Iran’s Supreme Leader Ayatollah Ali Khamenei on Thursday rejected US and European efforts to negotiate over the country’s military policies in the region.
“The seditionist US administration which promotes corruption asks why we are present in the region. We are already in the region [our country is located in this region]. Should we take permission from you?” the semi-official Fars news agency quoted Khamenei as saying.
American and European officials have sought to engage Tehran in talks over Iranian military deployments and support for militarized proxies in Yemen, Lebanon, Syria, Iraq and elsewhere.
“We should have talks with the regional states over our presence in the region. Why should we talk to you?” Khamenei said. “If we ever decide to establish a presence in the US, then yes we need to talk to you.”
Khamenei also slammed similar European efforts. “It is no way related to you. Why are you here [in the region]? Here is our region,” Fars quoted him as saying.
“We, ourselves, hold talks with regional people and governments,” he added.
Khamenei’s comments come three days after a visit by French Foreign Minister Jean-Yves Le Drian to Tehran, where the top French diplomat sought talks on curbing Iran’s ballistic missile program in a bid to convince the US to stay in the nuclear deal between world powers and Iran.
During his Monday visit, Le Drian told top Iranian officials, including President Hassan Rouhani and Foreign Minister Mohammad Javad Zarif, that there was “still a lot of work to do” on Iran’s missile program.
Zarif countered that Europe needed to “play a more constructive role to preserve” the nuclear deal.
“And above all to put pressure on the United States to meet its commitments under the deal and not to allow it to present illogical and illegal demands,” Zarif added, according to an account by the Iranian foreign ministry.

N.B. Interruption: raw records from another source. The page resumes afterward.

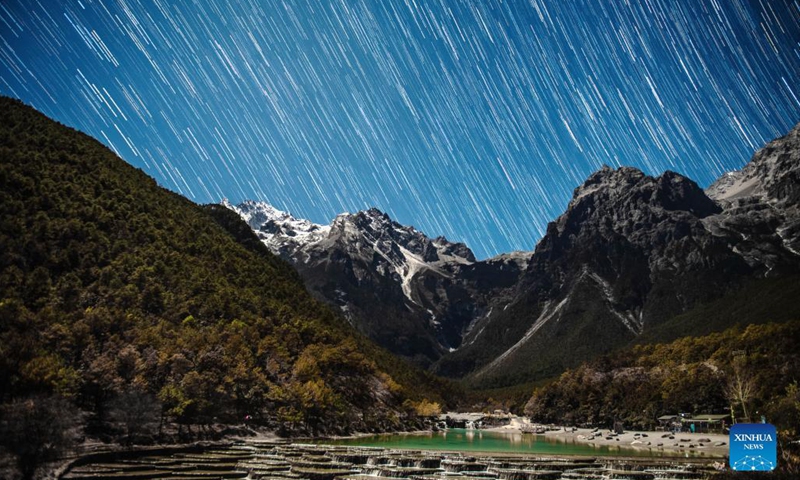 Photo taken on Dec. 14, 2021 shows a meteor of Geminids meteor shower at the Yulong Snow Mountain in Lijiang City, southwest China's Yunnan Province. The Geminids meteor shower of 2021 reached its peak on Tuesday.(Photo: Xinhua)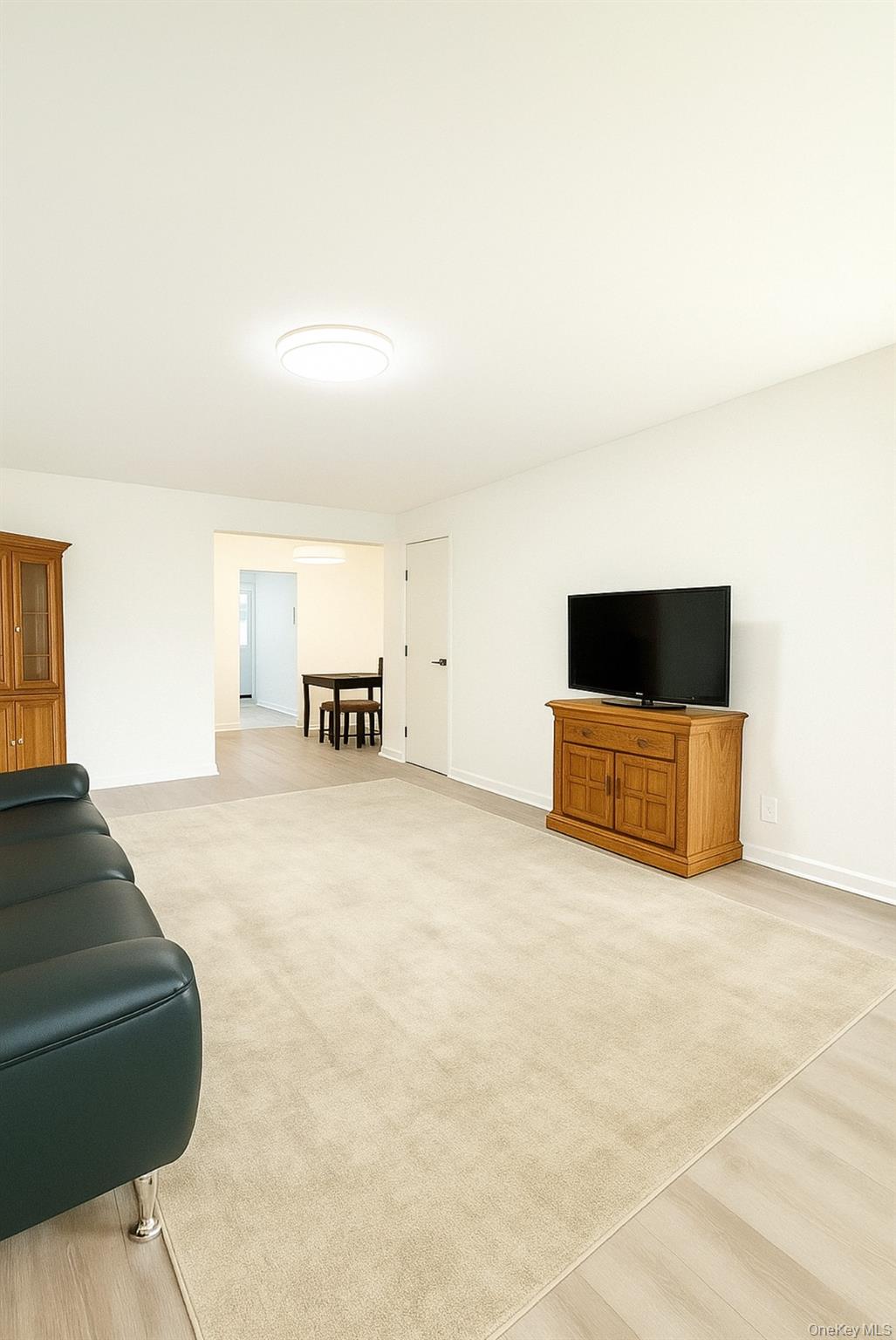 69-09 150th Street, Unit 320A Queens, NY 11367 - Photo 3 of 7 a living room with furniture and a flat screen tv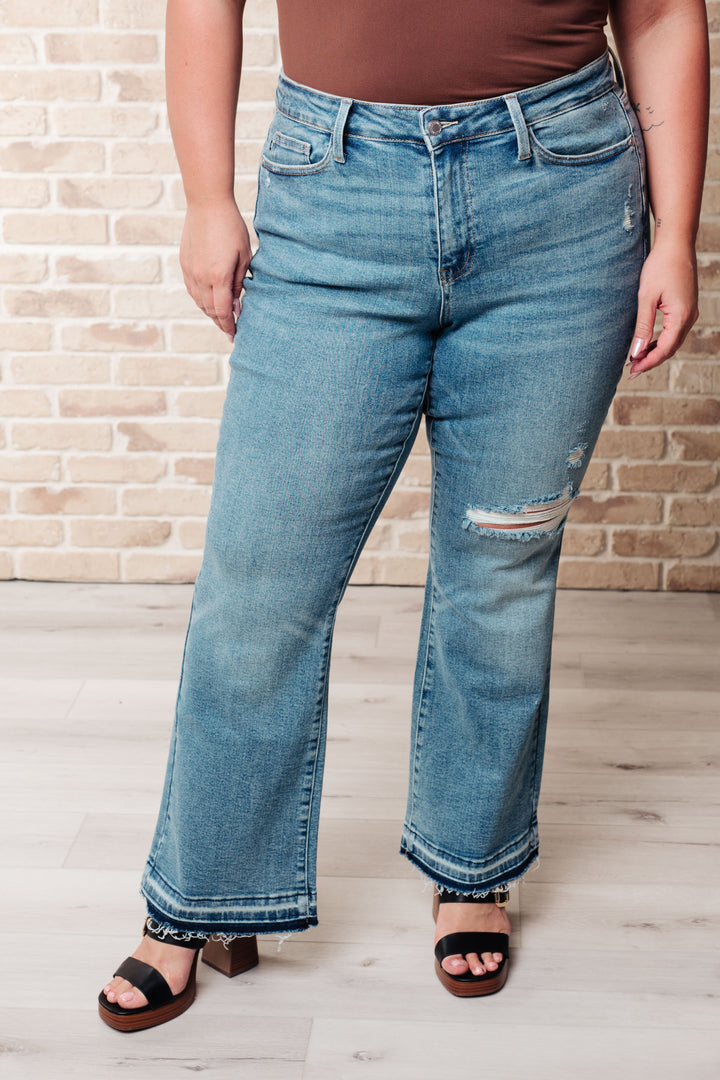 Isla Mid Rise Distressed Released Hem Bootcut Jeans by Judy Blue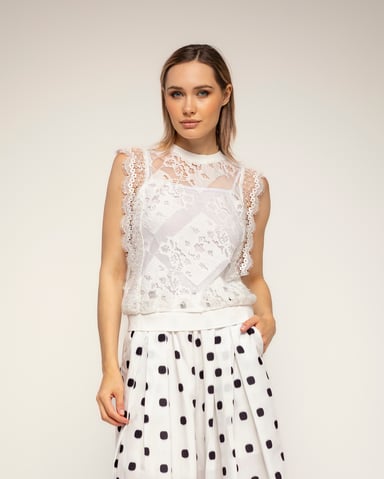 Sheer lace top with an elastic waistband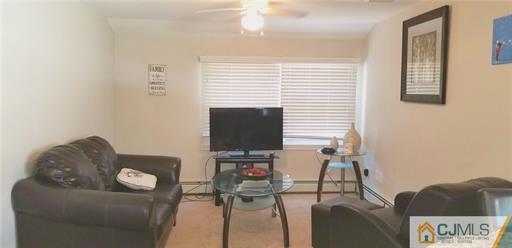 631 Magnolia Road North Brunswick, NJ 08902 - Photo 14 of 20 a living room with furniture and a flat screen tv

The visit came amid a scramble by European governments to salvage the 2015 deal after US President Donald Trump threatened he would abandon it unless tough new restrictions were placed on Iran before May 12.
“Preserving the nuclear accord will prove to the world that negotiation and diplomacy are the best option for solving problems, while its collapse will signify that political negotiations are a waste of time,” said Rouhani in a statement issued after his meeting with Le Drian.
Le Drian insisted he was not “an emissary of Trump,” but criticized Iran’s missile program and regional interventions.
“There are programs for missiles with ranges of several thousand kilometers which are not in line with UN Security Council resolutions and go beyond what is needed to secure Iran’s borders,” Le Drian told Le Journal du Dimanche on the eve of his visit.
His statements have not been warmly received in Iran, with Zarif telling Monday’s reformist Etemad newspaper: “In order to keep the United States in the Iran nuclear deal, European countries are suffering from extremism and this will ultimately undermine Europe’s policy.”
The key focus of talks has been the 120-day deadline set by Trump in January for US lawmakers and European allies to “fix” the nuclear deal, removing “sunset clauses” that mean it expires in 2026 and reining in Iran’s missile program and regional activities.
Iran has refused any re-negotiation or additional clauses, arguing that the US has already failed to keep up its end of the bargain on the existing accord.
On Sunday, Iranian foreign ministry spokesman Bahram Qassemi dismissed reports that Tehran and several European nations have begun negotiations over the Islamic Republic’s role in the Middle East.
“Despite the fact that Iran and the European Union (EU) have been negotiating about various regional subjects for decades, no discussions have been held over Tehran’s regional influence,” Qassemi said on Sunday.
The Iranian foreign ministry spokesman made the remarks after several Western diplomats claimed that Europe and Iran have commenced talks on Tehran’s role in the Middle East.
“Without any doubt this topic is not a new or odd one, but we reject such claims concerning an agreement for talks based on a definite framework,” he added.
The Iranian foreign ministry spokesman went on to say that Tehran and several EU nations did hold talks on the sidelines of the recent Munich conference about the situation in Yemen, however, he stressed that the talks were focused on the subject of aid delivery and ending Saudi Arabia’s war on its impoverished neighbor.